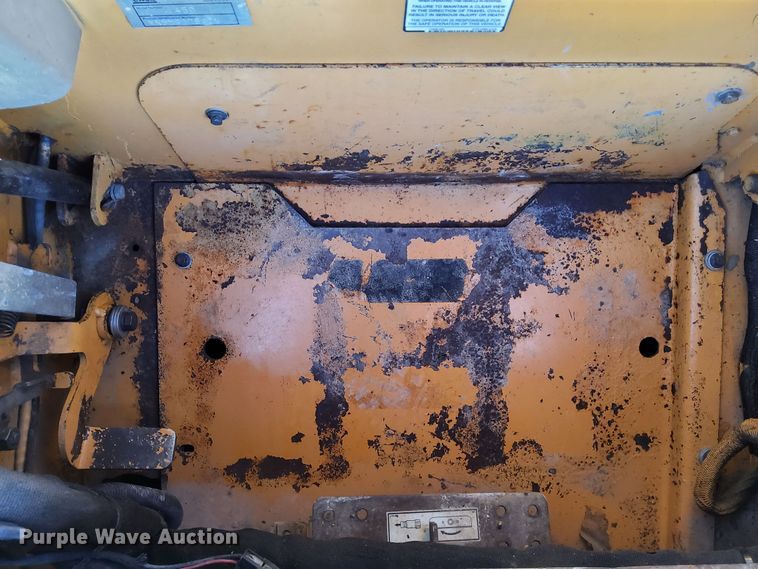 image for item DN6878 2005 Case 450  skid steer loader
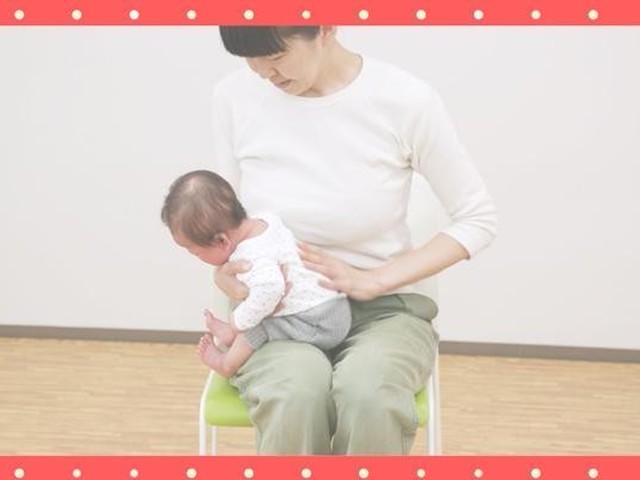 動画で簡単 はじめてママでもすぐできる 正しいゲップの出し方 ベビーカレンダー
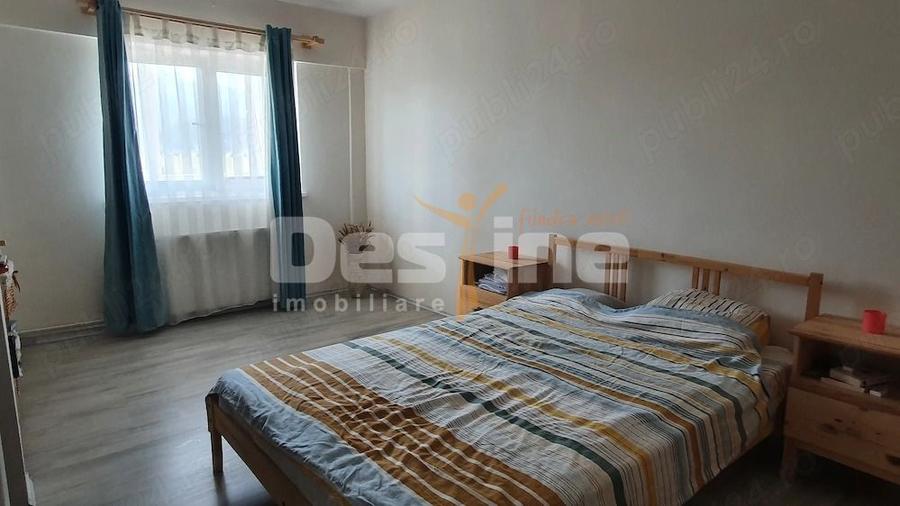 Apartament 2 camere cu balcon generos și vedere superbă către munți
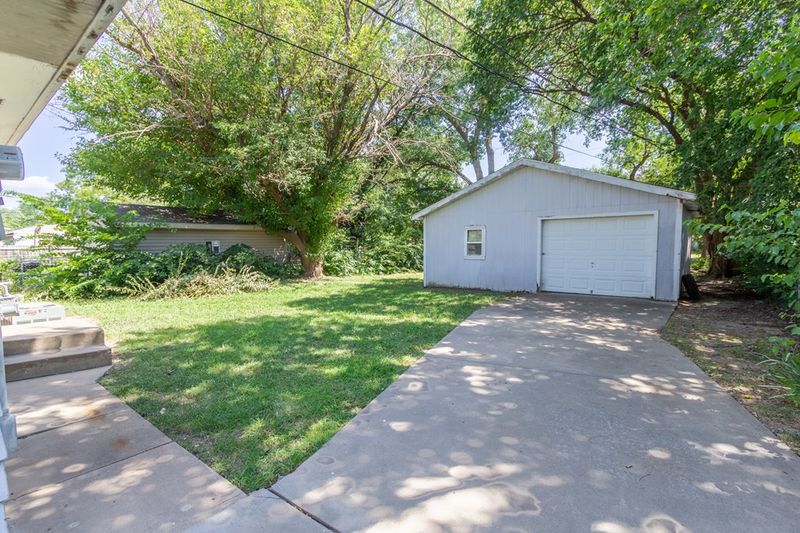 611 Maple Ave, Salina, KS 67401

Exercise brief: Pictures stay out of this copy. Retype exactly the lines from the one with "Apartament 2 camere" through the last line of the data, both ends included, and nothing more.

Output of the task:
 Apartament 2 camere cu balcon generos și vedere superbă către munți
 611 Maple Ave, Salina, KS 67401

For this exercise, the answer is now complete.